European shares rise on German election relief

German shares hit ten-day highs on Monday (September 27), after Sunday's election outcome reduced chances of a left-wing coalition forming a government.

Germany's blue-chip DAX jumped as much as 0.9% in early trade, before easing back.

It lead gains among regional indexes.

The country's center-left Social Democrats hoped to join forces with the Greens and the liberal Free Democrats, after they narrowly won their first national election since 2005.

Forming the new government could take time, but investors were relieved that the hard-left Linke party fell below the 5% threshold needed to enter parliament.

Here's Robert Halver, head of capital analysis at Baader Bank.

"The German stock exchange is relaxed: a leftist government was avoided. It would have meant too much uncertainty. It doesn't matter now whether we will get a Jamaica or traffic light coalition government, we can live with either. What's important however is that we get a government quickly."

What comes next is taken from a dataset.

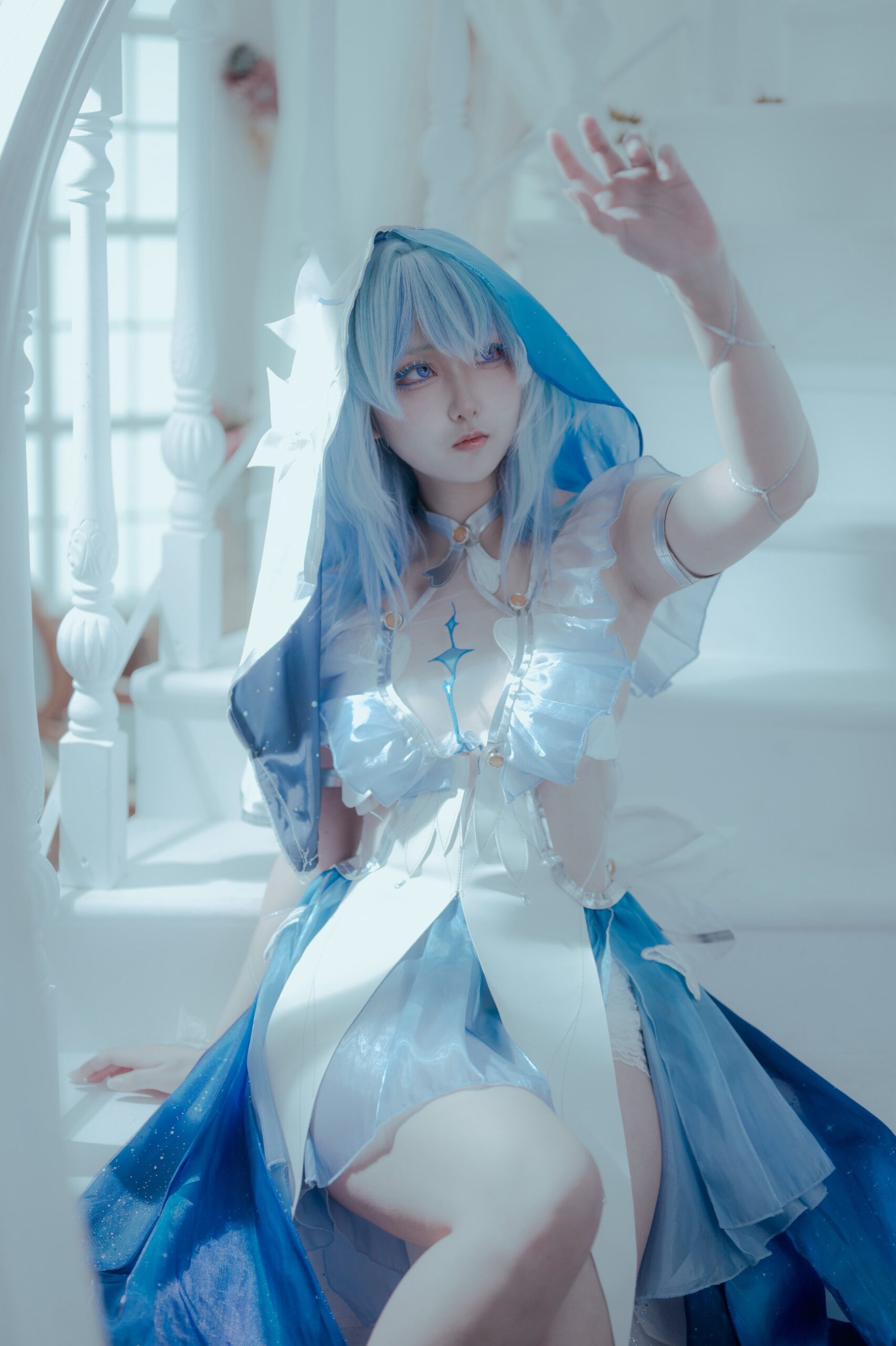 ショアキーパーのコスプレをするしのや しのさん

Broader European markets were also enjoying a surge in crude prices that powered oil stocks.

The oil and gas index climbed 1.8% to hit a three-month high, as Brent futures headed for $80 per barrel amid supply concerns.

Oil majors jumped, with BP up around 3%.

While worries about hawkish central bank policies, fallout from China Evergrande's financial troubles and inflation have caused concern, investors are hoping that progress on tackling the global health crisis will drive a steady global recovery.

Those hopes have lifted the regional STOXX 600 index more than 16% so far this year.